Return every line from the one with "Hi students, in" through the one with "System software is", inclusive, exactly as it appears below.

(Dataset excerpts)
^^^^

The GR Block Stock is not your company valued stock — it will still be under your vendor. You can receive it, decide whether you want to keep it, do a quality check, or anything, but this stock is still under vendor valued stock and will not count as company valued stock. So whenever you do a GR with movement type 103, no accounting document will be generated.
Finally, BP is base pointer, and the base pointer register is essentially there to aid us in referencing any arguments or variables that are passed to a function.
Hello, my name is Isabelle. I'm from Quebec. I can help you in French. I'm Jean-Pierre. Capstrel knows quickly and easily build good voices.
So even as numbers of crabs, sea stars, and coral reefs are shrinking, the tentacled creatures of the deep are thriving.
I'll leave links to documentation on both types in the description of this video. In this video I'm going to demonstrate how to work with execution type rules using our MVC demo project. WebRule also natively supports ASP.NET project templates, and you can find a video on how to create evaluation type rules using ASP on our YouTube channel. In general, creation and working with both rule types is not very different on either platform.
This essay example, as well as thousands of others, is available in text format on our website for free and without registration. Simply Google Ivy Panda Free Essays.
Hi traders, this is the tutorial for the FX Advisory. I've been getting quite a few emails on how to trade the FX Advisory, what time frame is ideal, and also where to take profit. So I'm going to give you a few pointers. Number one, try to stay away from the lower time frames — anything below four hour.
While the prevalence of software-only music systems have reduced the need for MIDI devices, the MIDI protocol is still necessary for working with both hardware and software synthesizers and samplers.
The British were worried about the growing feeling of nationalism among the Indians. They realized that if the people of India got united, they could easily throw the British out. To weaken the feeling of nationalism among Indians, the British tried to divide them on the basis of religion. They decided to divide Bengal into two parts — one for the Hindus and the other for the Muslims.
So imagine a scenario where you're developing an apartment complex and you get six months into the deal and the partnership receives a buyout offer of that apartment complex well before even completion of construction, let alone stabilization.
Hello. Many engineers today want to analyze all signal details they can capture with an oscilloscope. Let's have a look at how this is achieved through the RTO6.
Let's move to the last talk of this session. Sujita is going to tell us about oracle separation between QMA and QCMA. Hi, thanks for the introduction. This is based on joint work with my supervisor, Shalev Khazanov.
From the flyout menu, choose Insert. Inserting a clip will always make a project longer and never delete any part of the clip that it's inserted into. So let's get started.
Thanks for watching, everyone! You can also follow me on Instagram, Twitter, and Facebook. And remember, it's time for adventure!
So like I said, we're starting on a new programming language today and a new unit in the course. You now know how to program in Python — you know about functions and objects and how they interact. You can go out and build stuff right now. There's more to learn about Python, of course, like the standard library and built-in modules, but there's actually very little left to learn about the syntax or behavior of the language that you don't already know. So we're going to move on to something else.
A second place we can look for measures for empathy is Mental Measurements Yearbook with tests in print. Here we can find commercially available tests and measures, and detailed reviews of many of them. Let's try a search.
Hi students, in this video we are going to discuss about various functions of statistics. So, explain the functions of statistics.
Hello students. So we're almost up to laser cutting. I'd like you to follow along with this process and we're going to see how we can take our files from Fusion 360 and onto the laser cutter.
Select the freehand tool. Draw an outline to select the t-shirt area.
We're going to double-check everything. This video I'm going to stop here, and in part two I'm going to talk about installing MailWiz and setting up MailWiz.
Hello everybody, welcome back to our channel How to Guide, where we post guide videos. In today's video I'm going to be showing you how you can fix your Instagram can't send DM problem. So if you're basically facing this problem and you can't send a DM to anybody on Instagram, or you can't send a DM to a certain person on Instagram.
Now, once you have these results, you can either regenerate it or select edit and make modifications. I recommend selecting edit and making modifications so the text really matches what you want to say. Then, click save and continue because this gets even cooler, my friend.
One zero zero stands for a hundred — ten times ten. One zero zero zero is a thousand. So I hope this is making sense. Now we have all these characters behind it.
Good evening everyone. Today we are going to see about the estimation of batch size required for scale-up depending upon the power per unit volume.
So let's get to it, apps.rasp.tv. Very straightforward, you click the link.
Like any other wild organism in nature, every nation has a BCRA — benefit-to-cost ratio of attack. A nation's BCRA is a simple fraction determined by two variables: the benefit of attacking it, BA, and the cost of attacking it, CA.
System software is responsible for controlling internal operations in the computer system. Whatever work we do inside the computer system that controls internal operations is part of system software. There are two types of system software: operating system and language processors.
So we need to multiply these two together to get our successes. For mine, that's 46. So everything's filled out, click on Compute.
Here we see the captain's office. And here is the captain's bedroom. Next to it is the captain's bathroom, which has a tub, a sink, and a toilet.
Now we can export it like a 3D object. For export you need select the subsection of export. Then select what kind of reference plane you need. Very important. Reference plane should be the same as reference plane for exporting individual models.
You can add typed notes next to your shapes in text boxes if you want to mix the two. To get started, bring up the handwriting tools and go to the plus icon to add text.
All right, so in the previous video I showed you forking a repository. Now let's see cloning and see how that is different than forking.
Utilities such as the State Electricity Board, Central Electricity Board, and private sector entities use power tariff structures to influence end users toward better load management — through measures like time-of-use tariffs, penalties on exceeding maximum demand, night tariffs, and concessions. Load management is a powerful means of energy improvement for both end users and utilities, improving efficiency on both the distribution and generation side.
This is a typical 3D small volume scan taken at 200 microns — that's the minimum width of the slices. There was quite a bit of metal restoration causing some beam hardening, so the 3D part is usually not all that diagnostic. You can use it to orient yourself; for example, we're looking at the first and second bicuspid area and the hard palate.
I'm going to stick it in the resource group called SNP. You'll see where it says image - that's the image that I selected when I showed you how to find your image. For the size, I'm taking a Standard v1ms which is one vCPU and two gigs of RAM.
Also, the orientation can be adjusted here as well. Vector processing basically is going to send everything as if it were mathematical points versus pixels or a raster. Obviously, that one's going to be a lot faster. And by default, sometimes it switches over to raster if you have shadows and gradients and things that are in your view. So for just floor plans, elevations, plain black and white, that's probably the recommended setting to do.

^^^^

### WRITTEN RESPONSE:
Hi students, in this video we are going to discuss about various functions of statistics. So, explain the functions of statistics.
Hello students. So we're almost up to laser cutting. I'd like you to follow along with this process and we're going to see how we can take our files from Fusion 360 and onto the laser cutter.
Select the freehand tool. Draw an outline to select the t-shirt area.
We're going to double-check everything. This video I'm going to stop here, and in part two I'm going to talk about installing MailWiz and setting up MailWiz.
Hello everybody, welcome back to our channel How to Guide, where we post guide videos. In today's video I'm going to be showing you how you can fix your Instagram can't send DM problem. So if you're basically facing this problem and you can't send a DM to anybody on Instagram, or you can't send a DM to a certain person on Instagram.
Now, once you have these results, you can either regenerate it or select edit and make modifications. I recommend selecting edit and making modifications so the text really matches what you want to say. Then, click save and continue because this gets even cooler, my friend.
One zero zero stands for a hundred — ten times ten. One zero zero zero is a thousand. So I hope this is making sense. Now we have all these characters behind it.
Good evening everyone. Today we are going to see about the estimation of batch size required for scale-up depending upon the power per unit volume.
So let's get to it, apps.rasp.tv. Very straightforward, you click the link.
Like any other wild organism in nature, every nation has a BCRA — benefit-to-cost ratio of attack. A nation's BCRA is a simple fraction determined by two variables: the benefit of attacking it, BA, and the cost of attacking it, CA.
System software is responsible for controlling internal operations in the computer system. Whatever work we do inside the computer system that controls internal operations is part of system software. There are two types of system software: operating system and language processors.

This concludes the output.